Expect most of these cameras to have a standard 18-55mm zoom lens to get you started, though upgrades are possible. So what should expect as you move up the range? “They almost always feature better build quality, higher resolution and larger LCD screens, and a viewfinder,” says Stewart. “Some may even have 4K video capabilities.”
He also points out that both Canon and Nikon tend to use the same sensors across a lot of their range, so you don’t always need to spend more to get more megapixels and higher resolution. “Spend more if you value build quality and a better range of built-in features,” he advises.
Hong Kong is a fabulous place to try out and purchase a DSLR and a lens. “I can highly recommend dedicated camera stores like Wing Shing Photo in Mong Kok, or Tin Cheung Camera, which has multiple stores across the city,” says Stewart. “The staff there are extremely knowledgeable and can help to better understand your needs to make sure you get the camera that is right for you.”
If you’re a more daring second-hand shopper, Stewart recommends Sim City mall in Mong Kok. “There are dozens of little stores inside packed with used camera gear,” he says. “For those on a tighter budget, sourcing a slightly older model camera here can be a wise decision.”
Here are seven DSLR cameras – from the very basic to more advanced models – that you may want to consider.
Armed with a mighty 24 megapixels, ISO 25600, and an 18-55mm kit lens, the D3400 is designed to tempt smartphone users.
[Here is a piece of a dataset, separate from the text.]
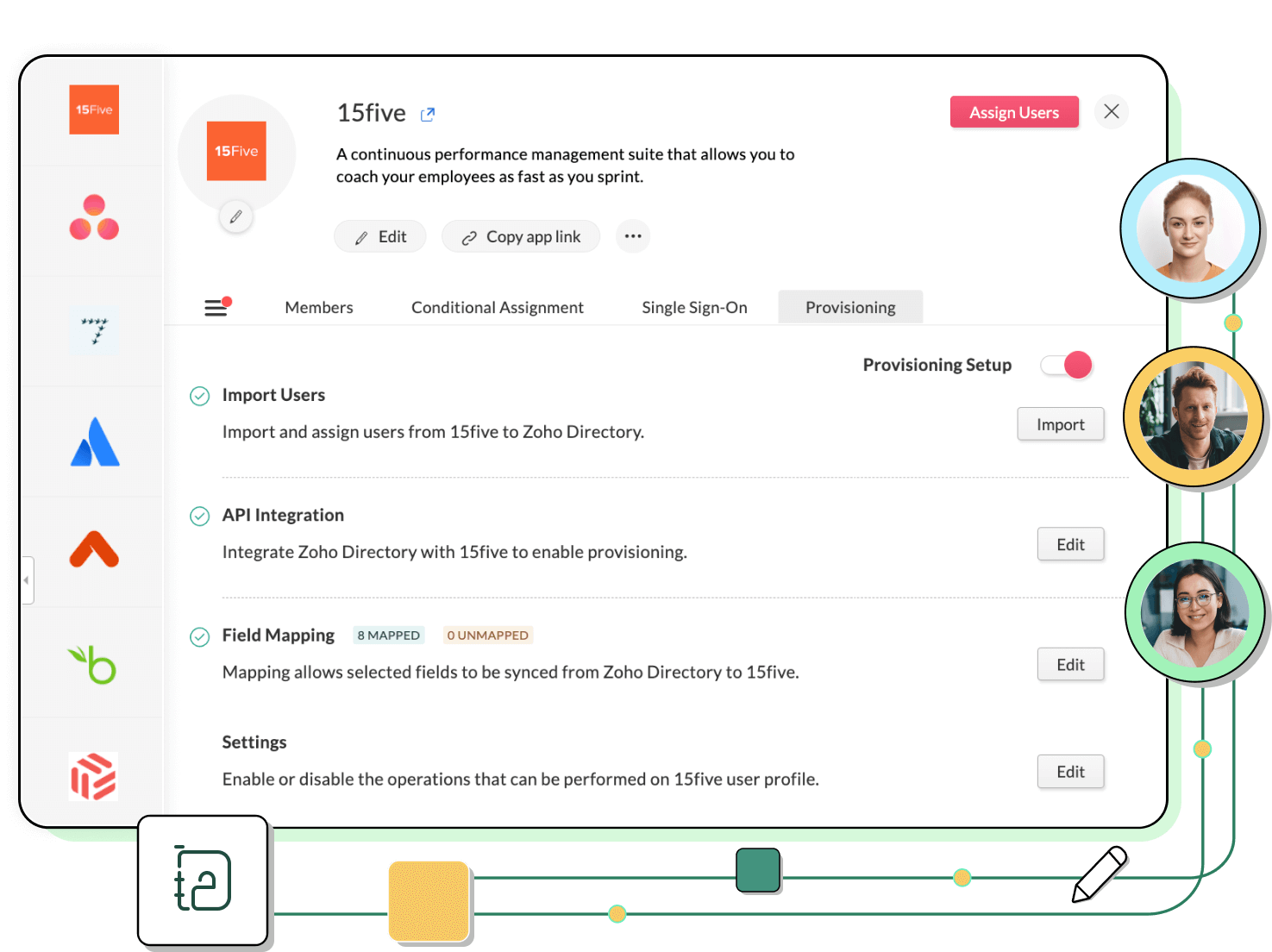 Automate user provisioning tool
Thanks to Bluetooth and Nikon's SnapBridge app, all photos are automatically transferred to a smartphone.
“This is Nikon's absolute entry-level camera aimed at beginners,” says Stewart.
From HK$4,280 (US$545)
Canon EOS 3000D
Canon's most basic and affordable DSLR has 18 megapixels and an 18-55mm kit lens, with ISO topping-out at 6400. It's also got Wi-fi and Canon's Camera Connect app for transferring images to a phone.
“The Nikon D3400 and Canon 3000D are virtually identical cameras in terms of build quality and minimal features,” says Stewart.
Canon EOS 1500D
Matching the Nikon D3400 detail for detail, this new entry-level DSLR increases the resolution to 24 megapixels and has a slightly larger LCD screen. It also adds NFC for one-touch photo transfer to a smartphone.
“A bit of a step up from the D3400 with better build quality, more features, a higher-quality LCD, and a viewfinder,” says Stewart of this 24-megapixel, ISO 25600 model. There's a choice of an 18-55mm or 18-140mm lens, the latter offering significant zoom.
Canon EOS 200D
This 24-megapixel DSLR is aimed at those after more control, but worried about carrying a bulky camera on their travels.
“It's got the same entry-level features and build quality as the 3000D, but in a ‘fun sized’ package – this is the world's smallest DSLR,” says Stewart of this black, white or silver camera. “It's very cute too.”
Canon EOS 800D
Comparable to the Nikon D5600 with 24 megapixels, ISO 25600, a three-inch LCD screen and a viewfinder, this DSLR also offers the fastest autofocus mode around, at a near-instant 0.03 seconds. “It's got slightly better build quality than the 3000D,” says Stewart. There's a choice of an 18-55mm or 18-135mm lens.
This is where the mid-range begins. With 20.9 megapixels and ISO 51200, its 51-point autofocus system and a continuous shooting speed of eight frames per second is crucial to its appeal.
“It’s designed for sports photography due to its fast shutter burst rate, and it has many high-end features not found in entry-level DSLRs,” says Stewart. Chief among them is 4K video recording. It comes with an 18-140mm lens.